SIGNIFICANCE AND USE
4.1 The United Nations Committee of Experts on the Transport of Dangerous Goods in their recommended regulations place materials having a flash point below 23 °C (73.5 °F) in Packing Group II. However, if viscous substances such as paint and related coatings, adhesives, polishes, etc., meet certain requirements, they can be placed in Group III along with materials having a flash point between 23 °C and 60.5 °C (73.5 °F and 140 °F). One of the requirements is that less than 3 % of clear liquid separates from the bulk of the material when subjected to this test method.  
4.2 At the present time most international regulatory bodies such as the International Civil Aviation Organization (ICAO) and the International Maritime Organization (IMO) use the U.N. Recommendations. It is anticipated that most national transportation regulatory bodies will adopt the U.N. Recommendations as their regulations for control of transportation of hazardous materials. At present the United States permits the transshipment of hazardous materials through the United States to other countries under regulations of the IMO and ICAO.
SCOPE
1.1 This test method covers the determination of the amount of liquid separated as an upper layer in a 24-h period from viscous solutions or dispersions that contain dispersed solids such as paints, enamels, pigmented lacquers, adhesives, polishes, and other similar materials.  

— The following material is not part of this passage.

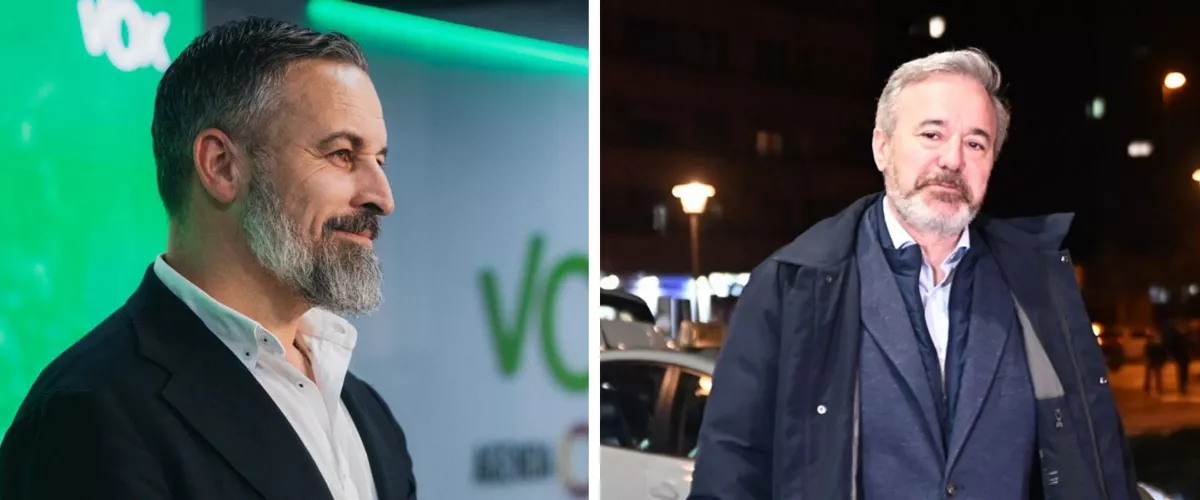 Abascal (Vox) y Azcón (PP Aragón) tras los elecciones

Note 1: The amount of clear liquid that separates during this test is one of the criteria in the United Nations Recommendations on the Transportation of Dangerous Goods2 for the placement of flammable viscous liquids into packing groups related to flash points (See 4.1).  

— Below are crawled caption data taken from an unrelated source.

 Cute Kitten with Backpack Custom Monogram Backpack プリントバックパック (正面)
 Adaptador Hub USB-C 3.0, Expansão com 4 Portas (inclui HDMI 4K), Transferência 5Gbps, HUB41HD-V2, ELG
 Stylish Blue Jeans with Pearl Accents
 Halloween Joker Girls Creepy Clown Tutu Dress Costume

1.2 The values stated in SI units are to be regarded as the standard. The values given in parentheses are for information only.  
1.3 This standard does not purport to address all of the safety concerns, if any, associated with its use. It is the responsibility of the user of this standard to establish appropriate safety, health, and environmental practices and determine the applicability of regulatory limitations prior to use.  
1.4 This international standard was developed in accordance with internationally recognized principles on standardization established in the Decision on Principles for the Development of International Standards, Guides and Recommendations issued by the World Trade Organization Technical Barriers to Trade (TBT) Committee.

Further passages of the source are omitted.